PHPで自動ログインの仕組み

解決済

質問者：ken2r
質問日時：2010/09/25 07:01
回答数：2件

PHPで自動ログインの仕組み
PHPで自動ログインの仕組みをどのように組むか検討しています。
初回アクセス時にユーザー名とパスワードの入力を行い次回アクセスから自動ログインしたいのですがセキュリティの問題で良い方法が分かりません。以下が現在検討中の方法です。

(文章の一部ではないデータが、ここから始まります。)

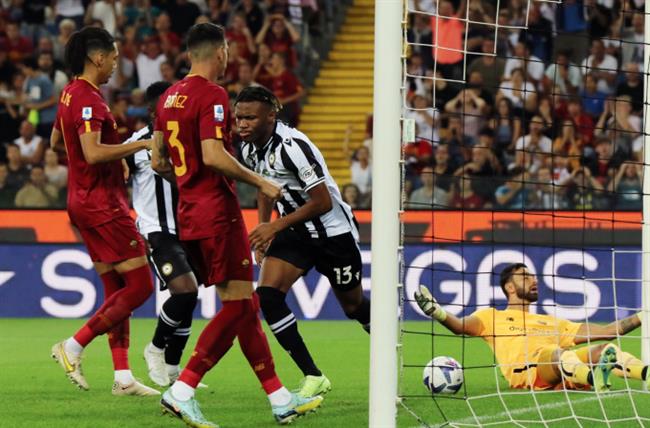ket qua world cup futsal 2016-Roma của Jose Mourinho bất ngờ thua sốc ... 0-4 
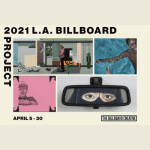 2021 L.A. Billboard Project
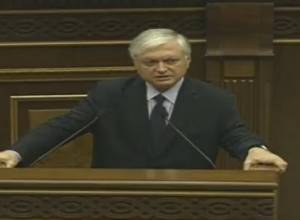 "Усилия направлены на исключение повторения апрельских событий"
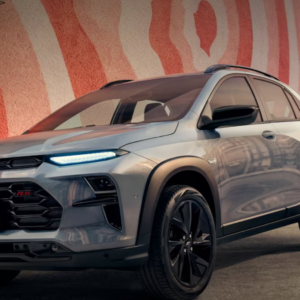 Chevrolet Sonic mal chegou e já tem preços no chão; confira as condições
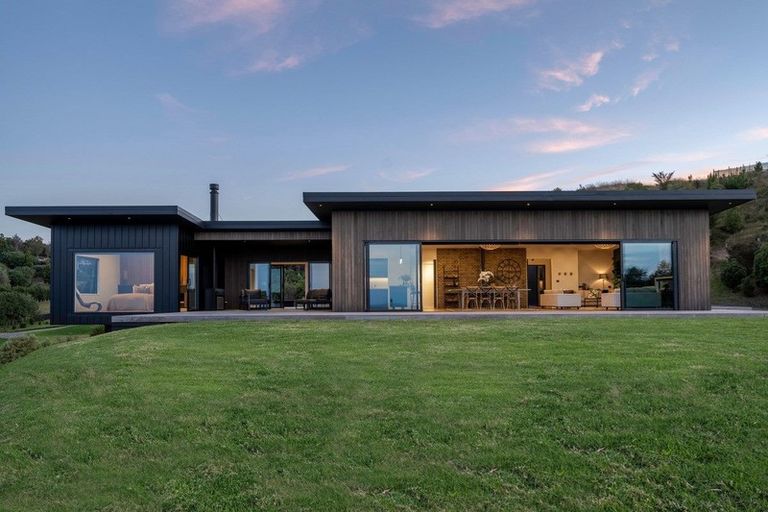 Photo of property in 9 Minden Hill Lane, Minden, Tauranga, 3176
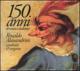 150 Anni Di Musica Italiana: Alessandrini(Cemb, Org)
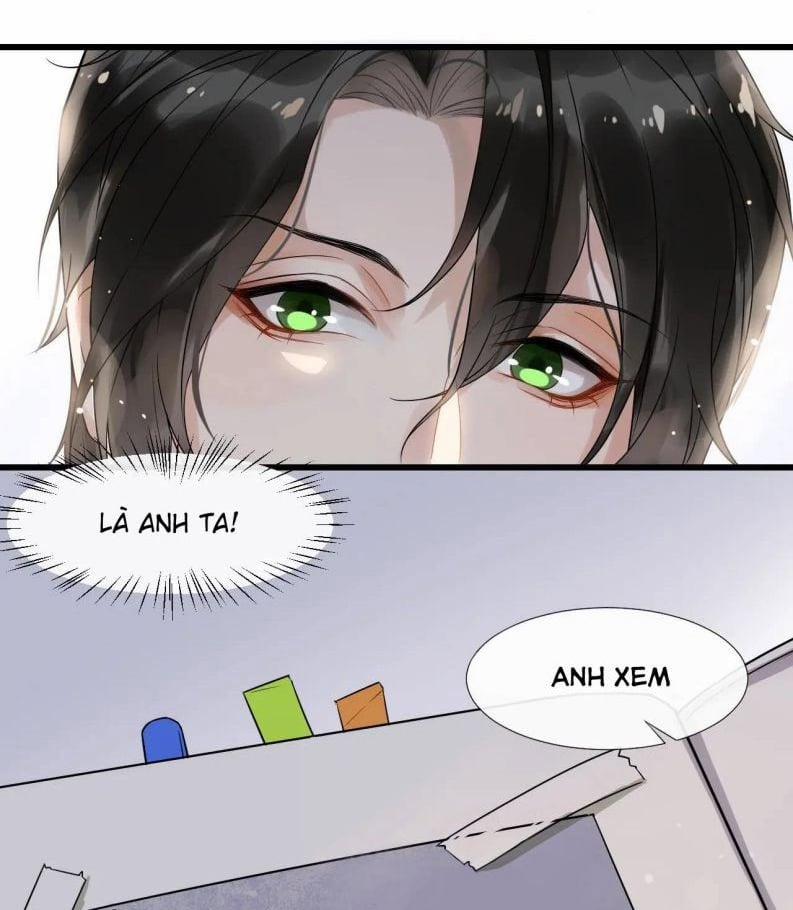 Trò Chơi Truy Đuổi 1 trang 8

方法(1)：クッキーにユーザー名とパスワードを保存する。
欠点　：クッキーを見たらログイン情報がばれる。

方法(2)：クッキーにセッションIDを保存してDBのユーザー情報と付き合わせる。
欠点　：結局セッションIDを取られてしまえば成りすましされてしまう。

方法(3)：方法(2)にアクセス元のIPアドレスを組み合わせる。
欠点　：100%安全ではない。

やはり、クッキーを使っていたらセキュアな認証は不可能なのでしょうか？
個人情報の流出が懸念されるような場合は毎回ログインしてもらいhttps通信の中
大切な情報はセッションに持つのが正しい方法なのですか？

WEBの開発には慣れていません。
認証処理の組か方の常識なのかもしれませんが、詳しい方がいたら教えて下さい。
宜しくお願い致します。

通報する

この質問への回答は締め切られました。

質問の本文を隠す

回答 (2件)

ベストアンサー優先
最新から表示
回答順に表示

No.1ベストアンサー

回答者： yambejp
回答日時：2010/09/25 14:03

自動ログインに安全なものはないのでは？

セキュリティをバーターに自動で処理するのだから

- 0
- 件

通報する

この回答へのお礼

ご回答有難うございました。

通報する

お礼日時：2010/10/01 16:22

No.2

回答者： hogehoge78
回答日時：2010/09/26 01:55

安全性はさておき、CakePHPでは、パスポートというものを発行してオートログインしてやるようです。

http://www.garacter.com/notes/CakePHP+Note:%E8%8 …

つまり、ID/PASSとは別に会員情報に関してユニークで十分に長い予測不可能な値を会員に持たせて、
それをCOOKIEにつっこんでおき、それを送信されてきたら、紐づいているユーザのIDを調べて
ログインさせるという方法のようです。

後はその発行したパスポートを生成日から適当に期限を持たせて、しばらくしたら無効にする、というようにすると。
方法（２）に近いやり方ではありますが、そもそも方法（２）は、HTTPの通信を傍受されていれば、
自動ログインの実装でなくても簡単に成りすまされるものです。